Significance of the 1969 Stonewall Riots
In 1969, police brutality and the criminalization of queer individuals was at an all time high. Tensions between police and the LGBT community were building. On the night of June 28, 1969 things came to a head and a violent riot broke out at the Stonewall Inn in the Greenwich Village community in Manhattan in New York City. In this essay I will attempt to explain the significance of this uprising for myself and other members of the LGBT community.
During the late 1960's, many civil rights issues were being protested. People of color and the LGBT community were being severely mistreated by the rest of society and eventually they decided they had had enough. The civil rights movement of the 1950's and 60's served as a catalyst for the events at Stonewall in 1969.

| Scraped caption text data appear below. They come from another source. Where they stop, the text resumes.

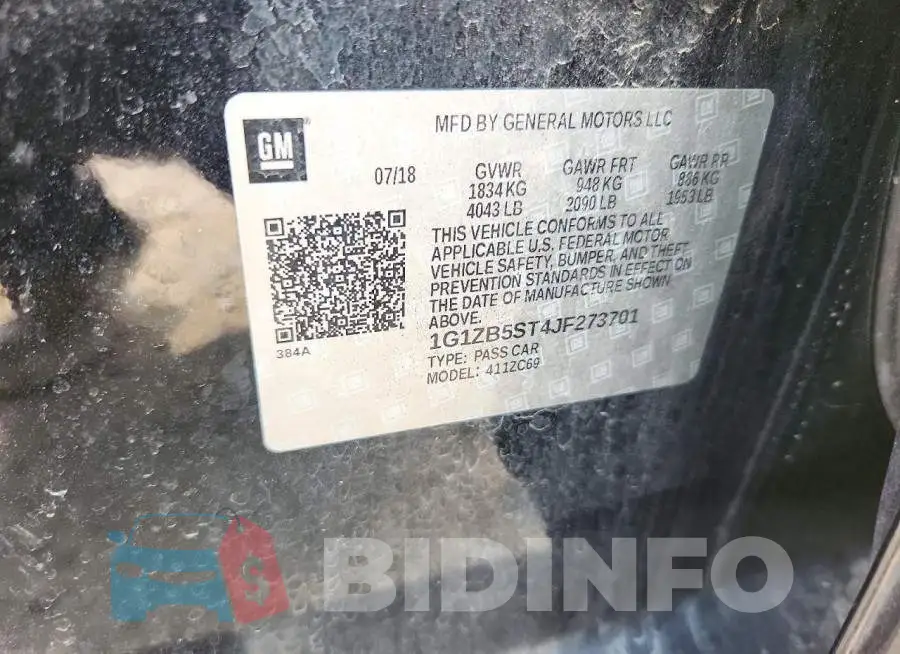 1G1ZB5ST4JF273701 Photo# 12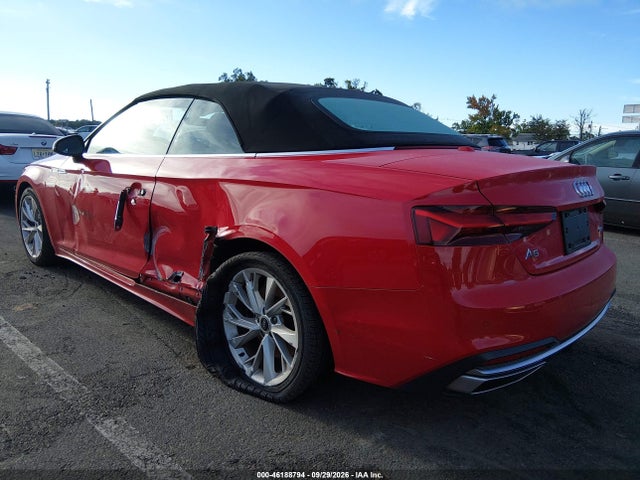 Продажа на аукционе авто 2022 Audi A5 Cabriolet Premium, vin: WAU2AGF54NN000463, номер лота: 46188794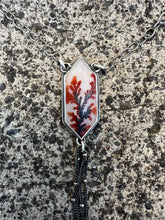 Load image into Gallery viewer, Dendritic Agate Lariat necklace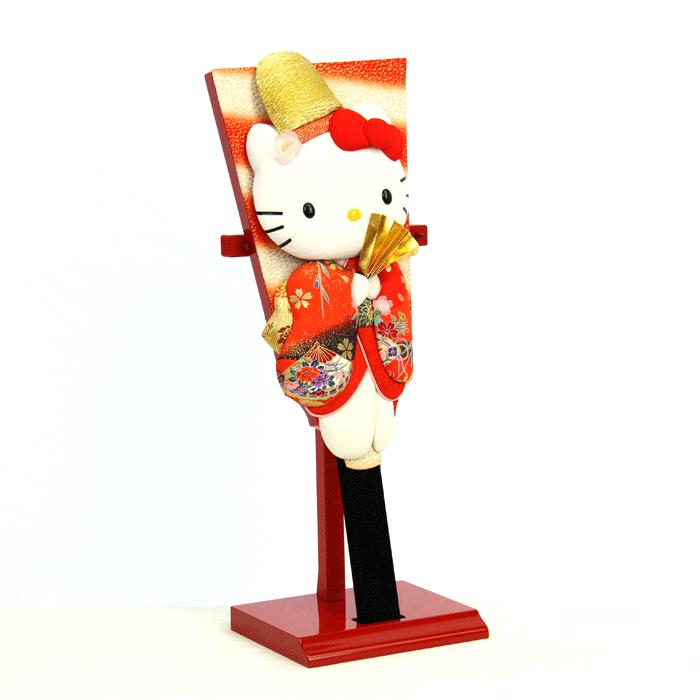 羽子板 コンパクト 送料無料 キティ 道成寺 ハローキティ お正月 正月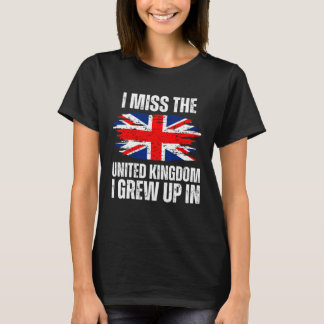 懐かしのイギリス イングランドで育った私 UK Tシャツ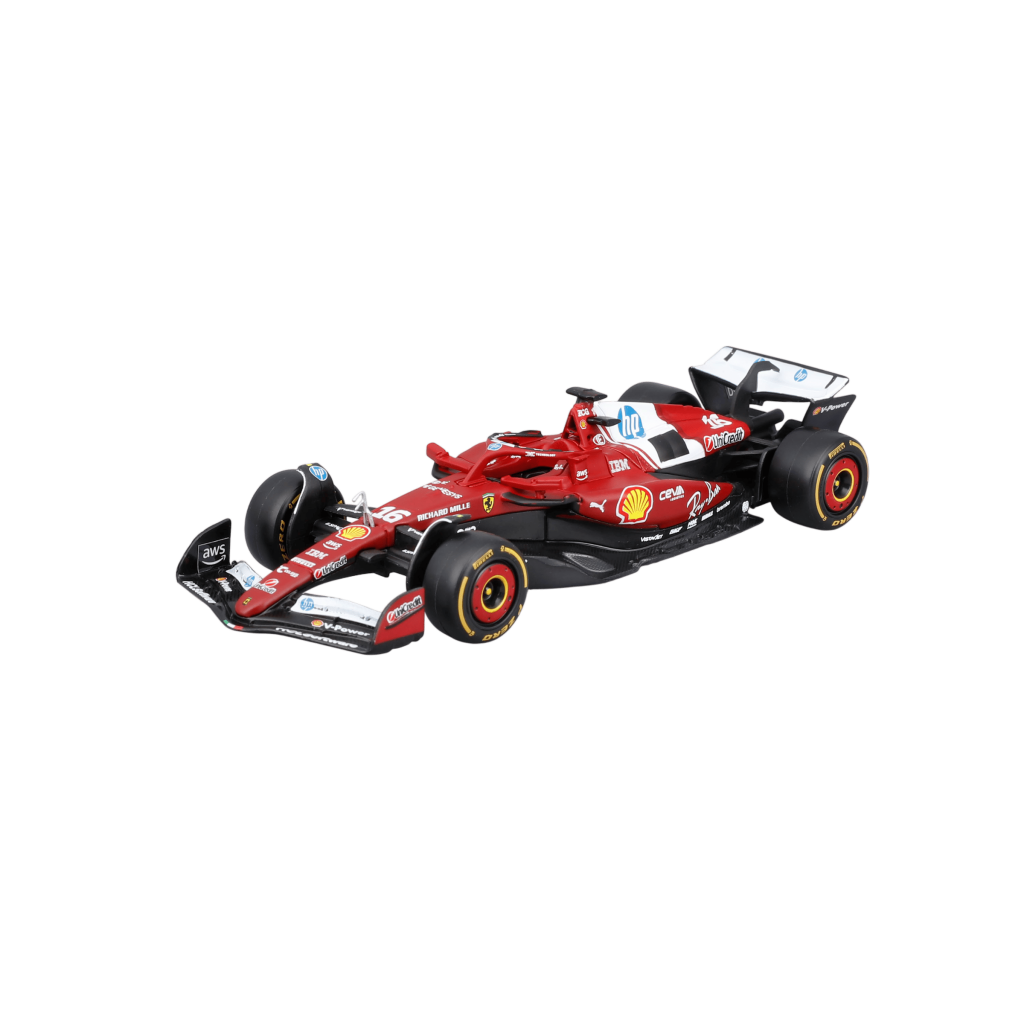 1:43 F1 2025 - Ferrari SF-25 #16 Charles Leclerc in Window Box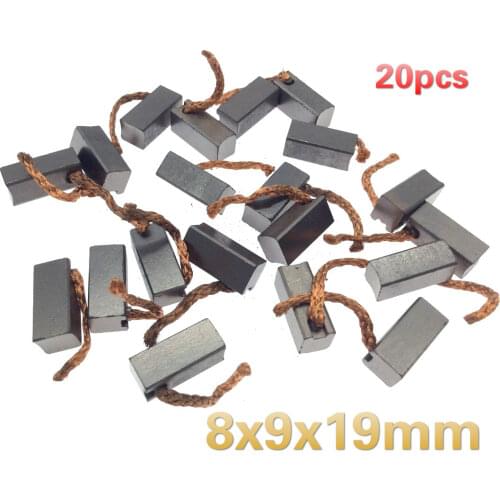 20pcs 8x9x19mm Carbon Brush For Vehicle Automobile Car Truck Heater Blower Fan Air-Blower Car Motor Carbon Brushes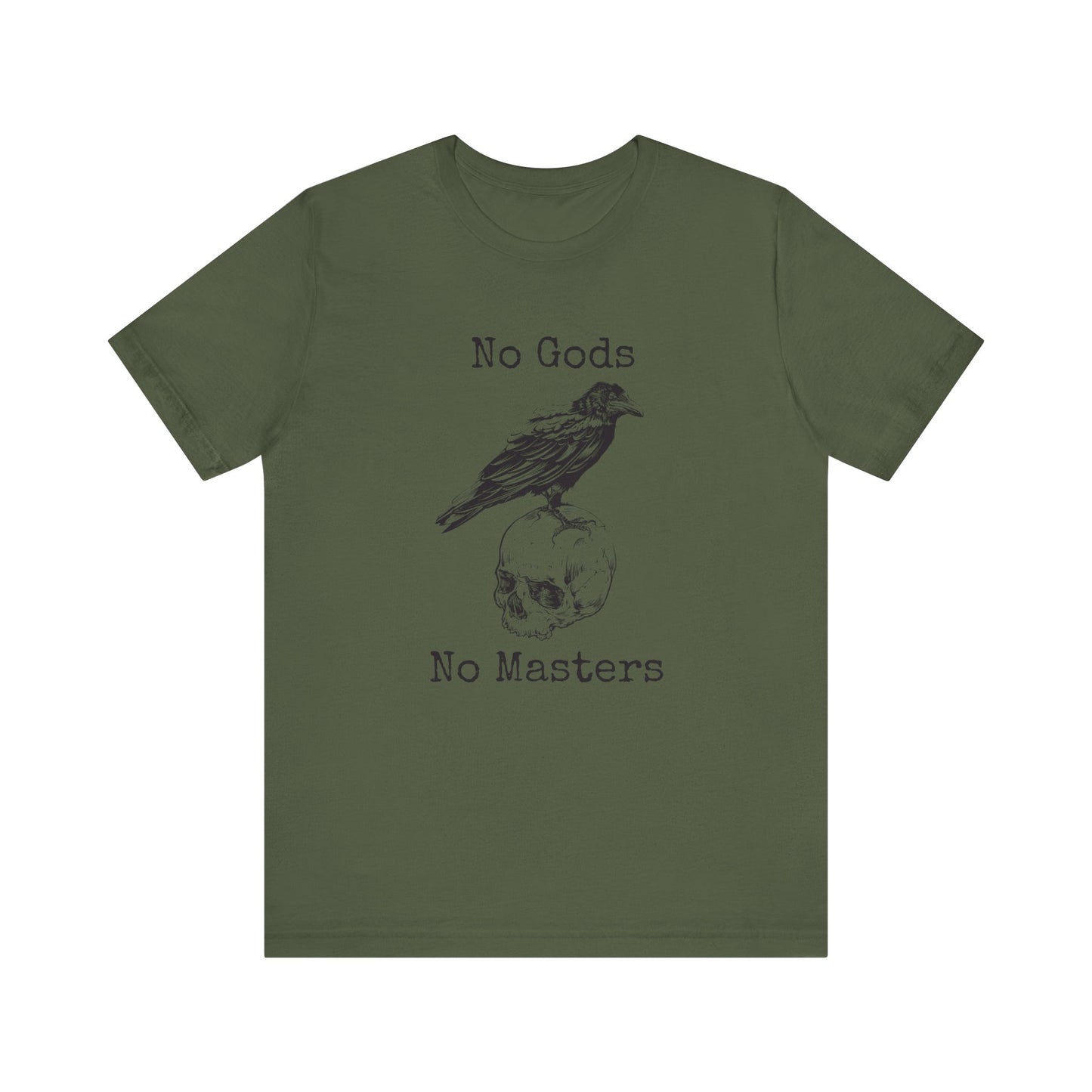 No Gods, No Masters – Anarchist Skull and Raven T-Shirt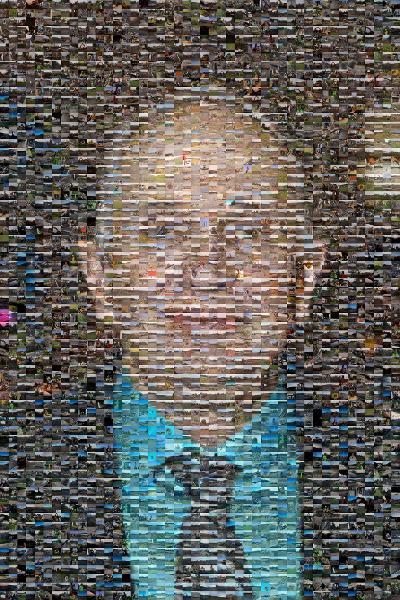 Tribute To A Team Leader photo mosaic
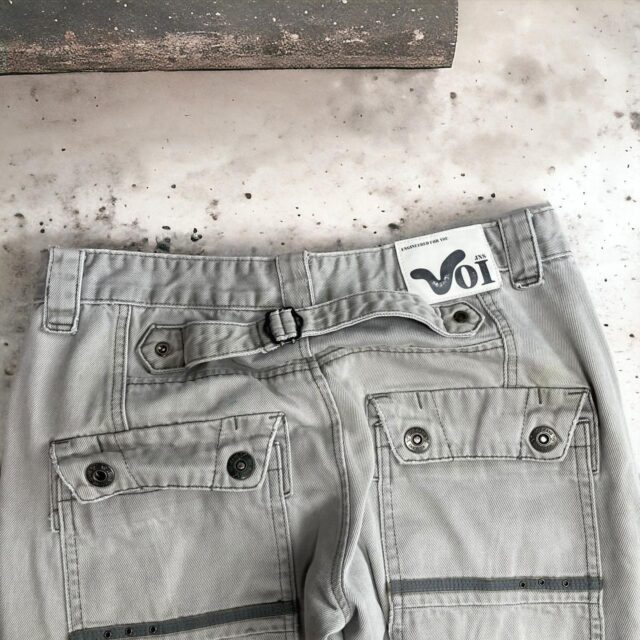 Mens Vintage Baggy Crosshatch Y2K Dagger Jeans - 34"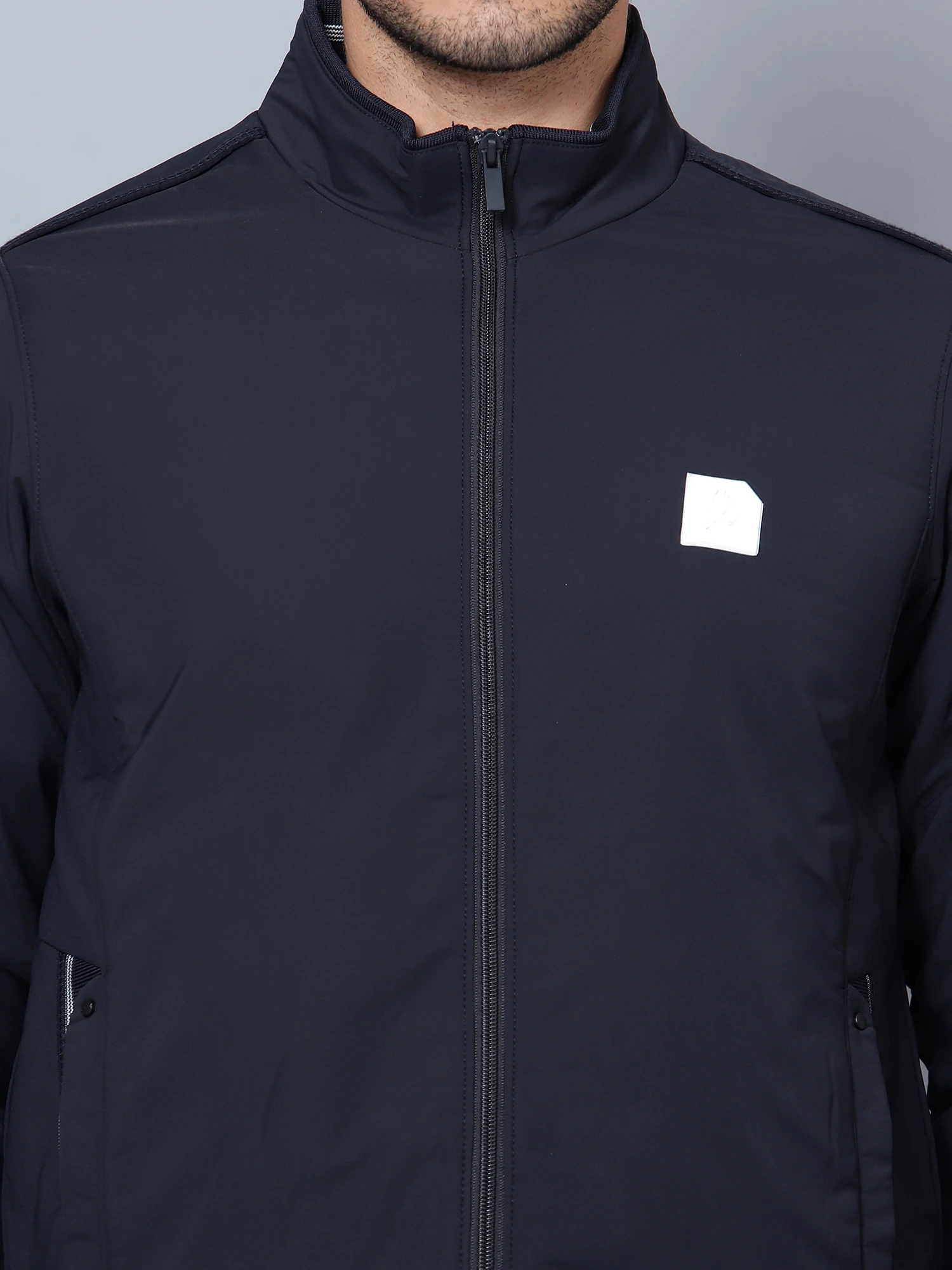 Men's Navy & Blue Jacket Shiv Naresh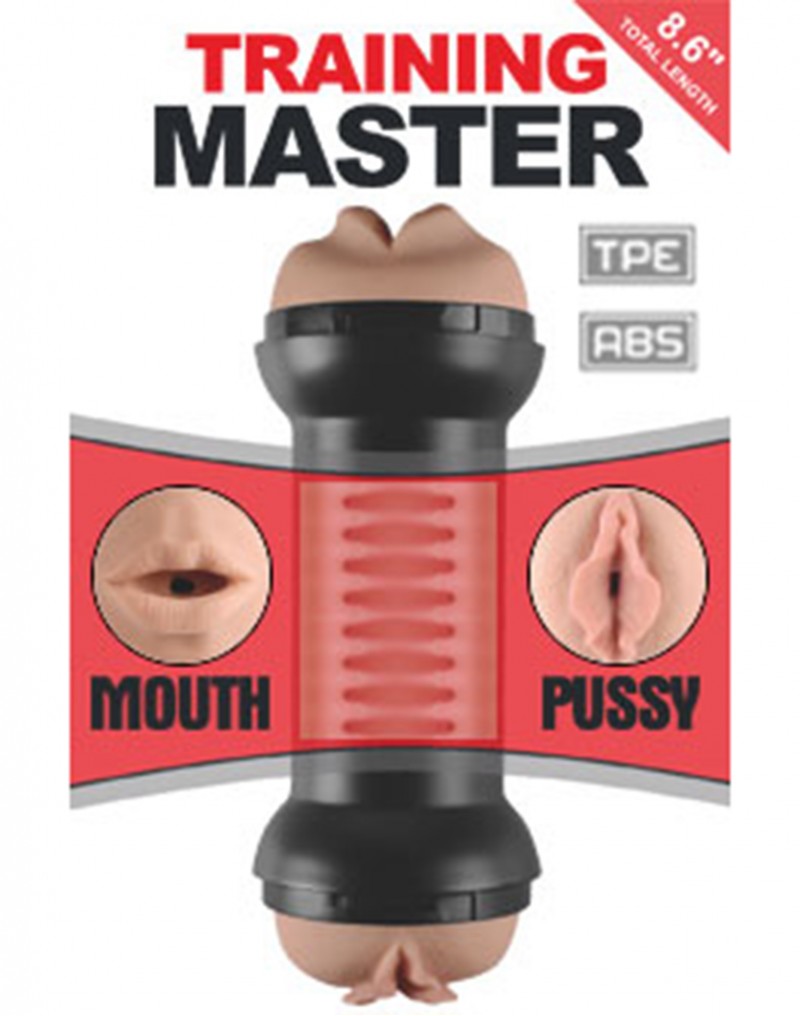 5: Training Master Double Side Stroker-Mouth and Pussy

In order for me to fully explain to significance of this uprising to the reader, some background information must be given. During the late 60's, queer individuals did not experience the same freedoms that their straight, cisgender neighbors enjoyed. They were not permitted to serve in the military and were assumed to be naturally disruptive and mentally unstable. Crossdressing and relationships with members of the opposite sex were illegal and could be punished by anything from a light fine to a lifetime of imprisonment. Many public establishments like restaurants and bars did not welcome LGBT individuals. The places that did were often rowdy and unsafe. The Stonewall Inn, the place where the 1969 uprising began, was owned by the Mafia. Since the LGBT community was seen as a threat to society, police raids on gay bars were extremely common.
It was during one of these raids at the Stonewall Inn that the riot began. Police stormed in and dragged many patrons of the inn into their cars and started to beat them. Eventually, things became too violent for the onlookers to ignore and they started to fight back against the police. Things escalated quickly and more and more people and officers joined the riot. It lasted for six days and more than 2,000 people and 400 policemen were involved.
When discussing the Stonewall Uprising, two names always seem to come up – Sylvia Rivera and Marsha P. Johnson, two trans women of color that played a huge part in the riot and the LGBT rights movement that followed. Sylvia Rivera is believed to have been one of the first people to start fighting against violent police forces during the police raid.
Both of these dynamic women were key in organizing LGBT activist groups and the first pride parade, which was held in New York city on June 28, 1970.
The events at Stonewall brought about a new civil rights movement that would forever change the lives of queer individuals in the United States. I am personally extremely grateful for the brave people who participated in the uprising to fight for the rights of myself and other members of the LGBT community.
I hope this essay has helped the reader(s) better understand the significance of this riot in a general sense and how it directly affects me.